ESXi ECC detection in TrueNAS

tess

Cadet
Joined
Jul 2, 2023
Messages
4
I am currently testing out a few hypervisors for my server build. I have tested Proxmox and XCP-ng. Both of those hypervisors pass through ECC data to the VM. And truenas detects it.

However ESXi the hypervisor recommended by IX-systems does not appear to do this. As far as I know this means that with uncorrectable errors, Truenas will just happily keep writing data. This would obviously be less than ideal. Is it possible to enable ECC data passthrough? Or is my worry not true?
 

jgreco

Resident Grinch
Joined
May 29, 2011
Messages
18,680
Moderator note: moved to a more appropriate forum

With uncorrectable errors, all of Proxmox, XCP-ng, and ESXi do nothing useful; TrueNAS is unable to "react" to ECC errors, and your sole recourse is to halt the machine and replace your memory with properly functioning memory. The ECC memory event reporting offered by ESXi exists merely because a standalone bare metal host might not have other mechanisms to catch and report it. In a hypervisor environment, VMware expects that system event log errors will reported upstream to vSphere, or will be detected and reported by the platform IPMI/BMC/DRAC/iLO in whatever manner you want.

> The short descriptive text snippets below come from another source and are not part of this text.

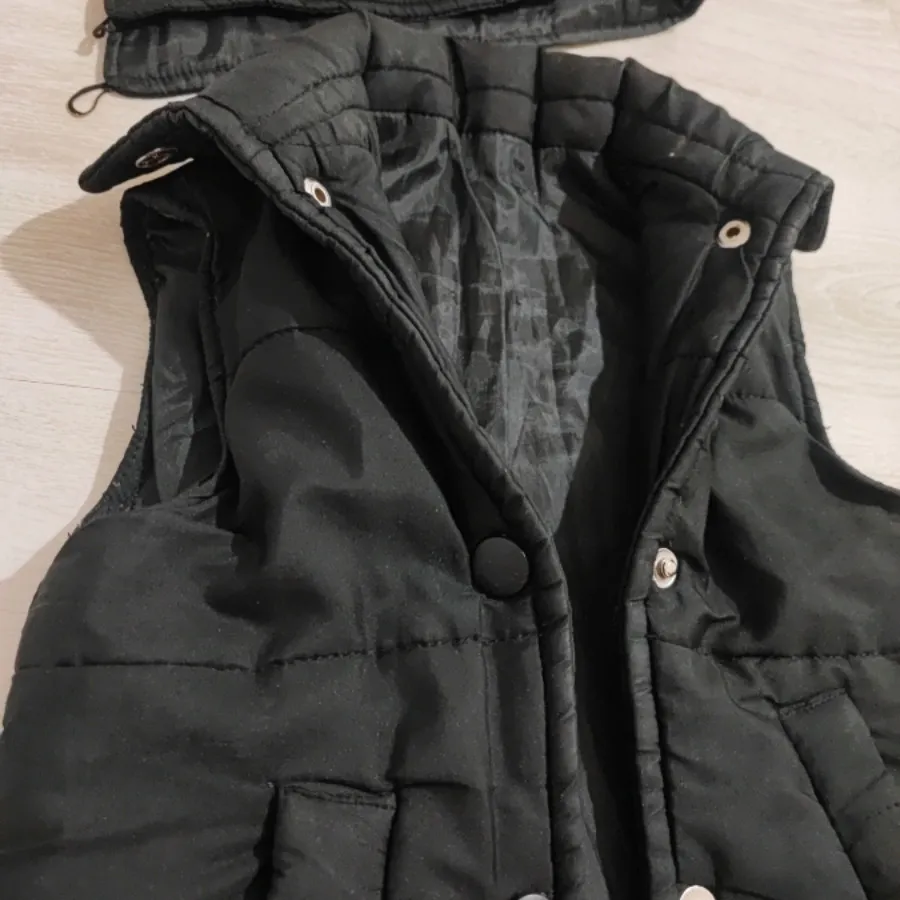 پافر بچگانه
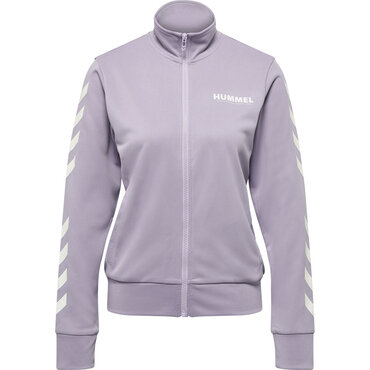 PASTEL LILAC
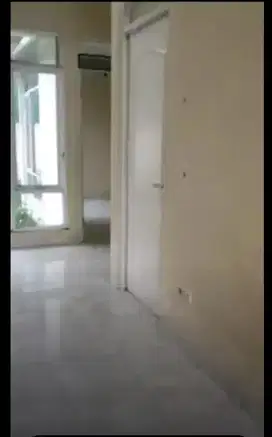 Turun hrg lokasi bagus jual murah dii bukit Cimanggucity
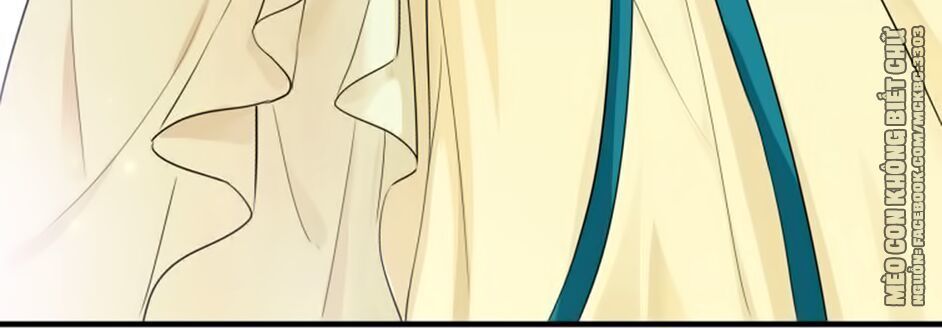 Kính Hoa Thương Chapter 12 - Trang 2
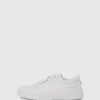 Sneakers Flint II Sneakers Flint II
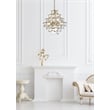 Elegant Lighting Adaline 20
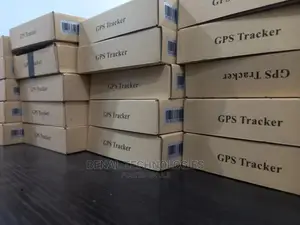Very Efficient GPS Tracker Abule Egba Mobile App,No Renewal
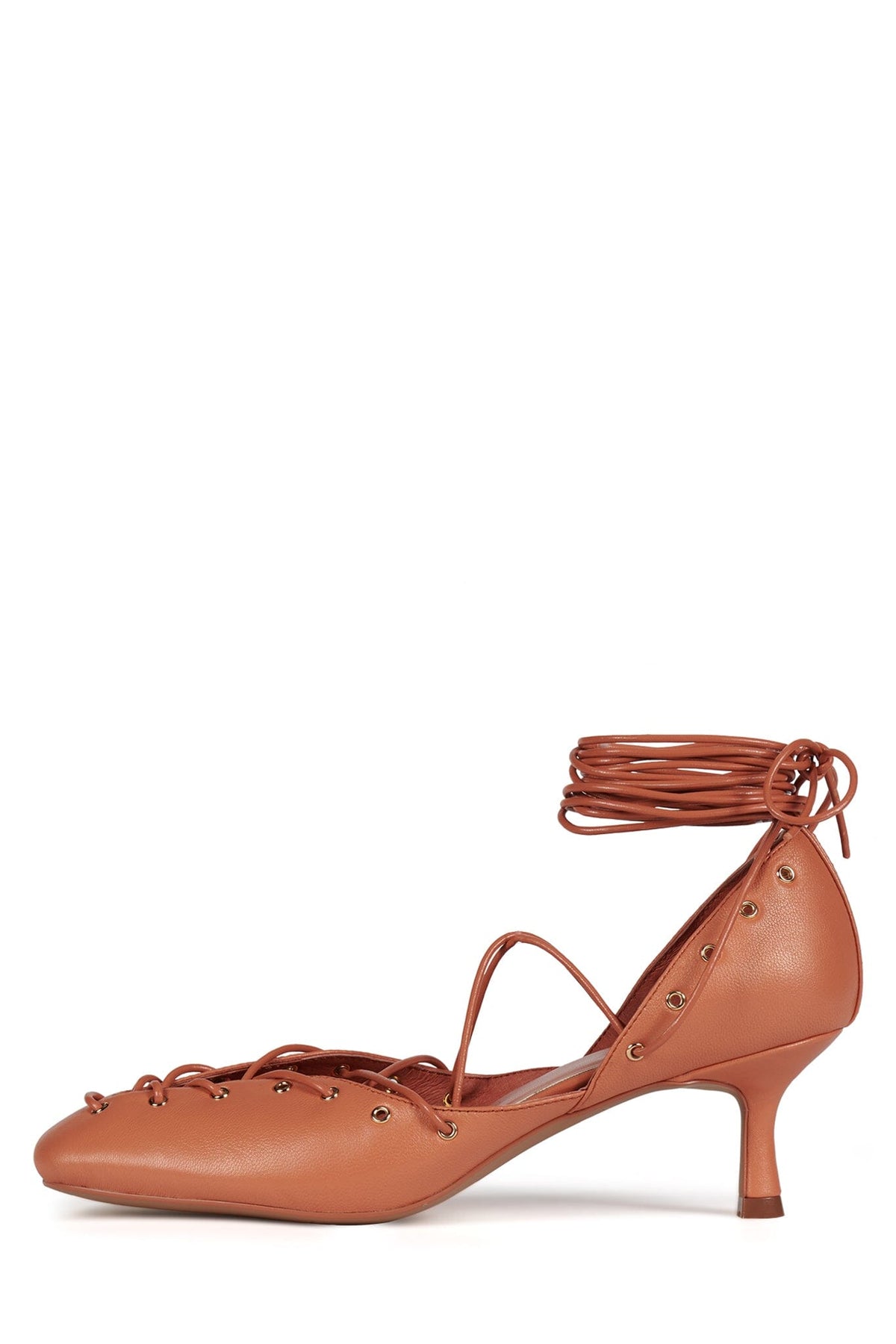 MARTINE-M YYH Coral 6 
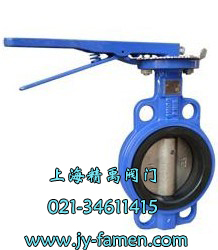 D7A1X-10ֱܷ 
ؼ:2011-07-20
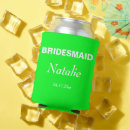 Search for wedding can coolers Fun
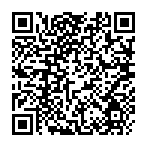 www.house-info.idv.tw房屋網-新竹工業土地,新竹工業土地出售,新竹工業土地買賣-QRCode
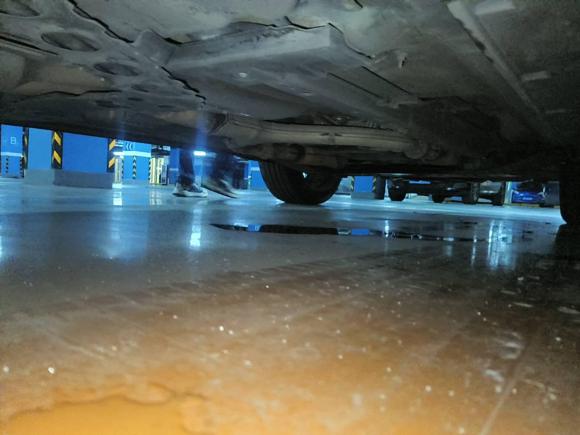 [义乌·浙G] 二手英菲尼迪英菲尼迪FX2011款 FX35 超越版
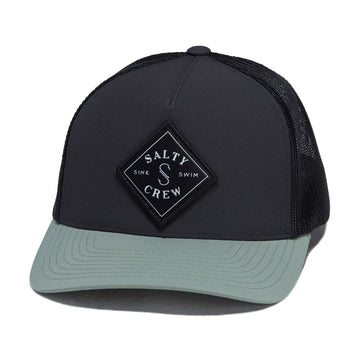 swatch:https://cdn.shopify.com/s/files/1/0519/1388/3831/files/swatch_e2cea131-7c25-4e1e-8dca-287b7837eb09.jpg?v=1790616255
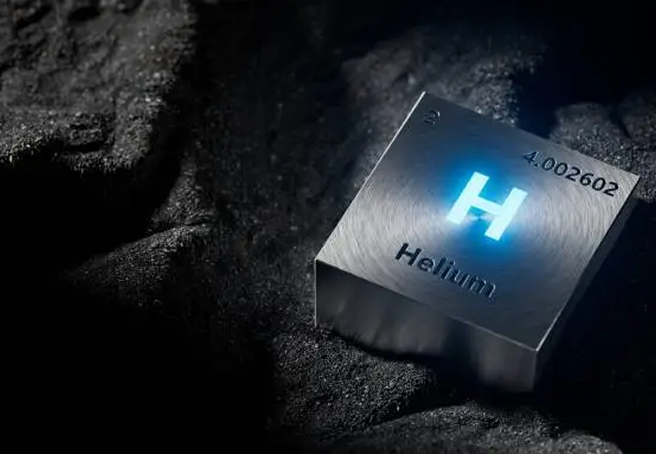 helium6.png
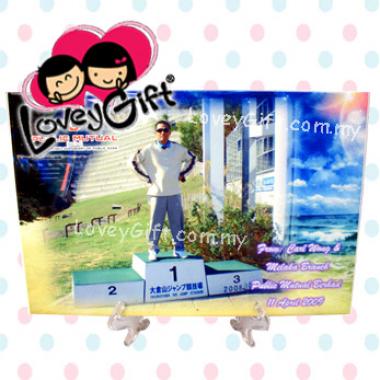 Photo Ceramic Tiles (30*20)
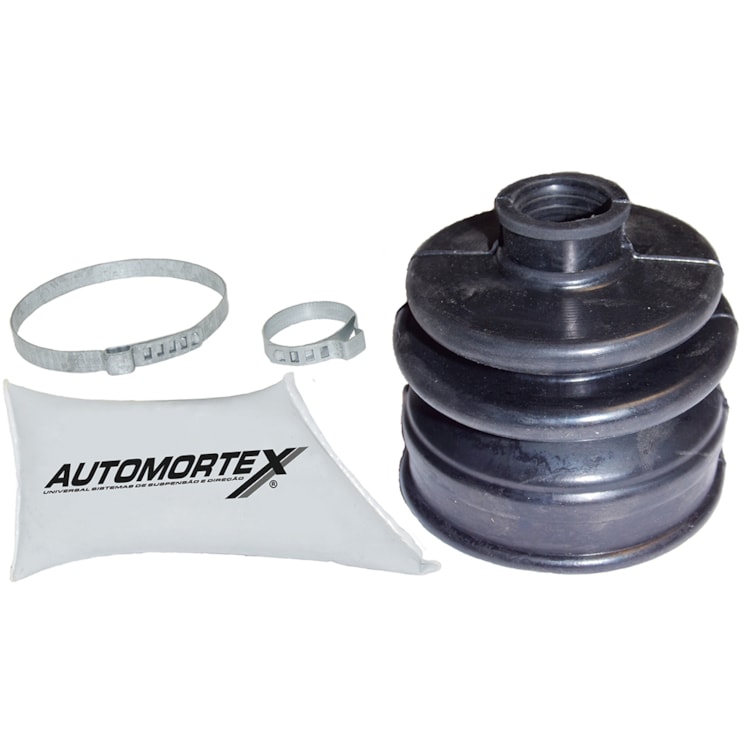 Produto imagem - b600479f-ff9d-44e6-93f2-23e0b5a14f90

If Proxmox and XCP-ng are implementing their own reporting capability for this, good on them, because obviously lots of hobbyists are running hypervisors on platforms where that should never be done. This is probably not really an advantage of those hypervisor platforms. You're better off having a platform controller if you're running a hypervisor, as it can handle a variety of issues including memory error reporting.

I may be able to ask some contacts in VMware's Office of the CTO about this; I like playing "stump 'em" but this feels like the kind of thing where they won't be anxiously running to the development team to suggest it as a new feature for ESXi.
 

tess

Cadet
Joined
Jul 2, 2023
Messages
4
Moderator note: moved to a more appropriate forum

With uncorrectable errors, all of Proxmox, XCP-ng, and ESXi do nothing useful; TrueNAS is unable to "react" to ECC errors, and your sole recourse is to halt the machine and replace your memory with properly functioning memory. The ECC memory event reporting offered by ESXi exists merely because a standalone bare metal host might not have other mechanisms to catch and report it. In a hypervisor environment, VMware expects that system event log errors will reported upstream to vSphere, or will be detected and reported by the platform IPMI/BMC/DRAC/iLO in whatever manner you want.

If Proxmox and XCP-ng are implementing their own reporting capability for this, good on them, because obviously lots of hobbyists are running hypervisors on platforms where that should never be done. This is probably not really an advantage of those hypervisor platforms. You're better off having a platform controller if you're running a hypervisor, as it can handle a variety of issues including memory error reporting.

I may be able to ask some contacts in VMware's Office of the CTO about this; I like playing "stump 'em" but this feels like the kind of thing where they won't be anxiously running to the development team to suggest it as a new feature for ESXi.
Sorry I completely overlooked this forum section! Thanks for moving it.

I see, my system does have IPMI, BMC etc which will notify me of ECC errors. And I did verify ESXi does detect the ECC memory correctly.

I do realize IX systems recommends ESXi and therefore will probably still be a better solution. It does feel "wrong" though. I do get that the reporting is more about telling the user they should replace/tune the RAM etc. But Truenas has good facilities to deal with ECC and therefore I think letting a hypervisor notify a VM is a good idea.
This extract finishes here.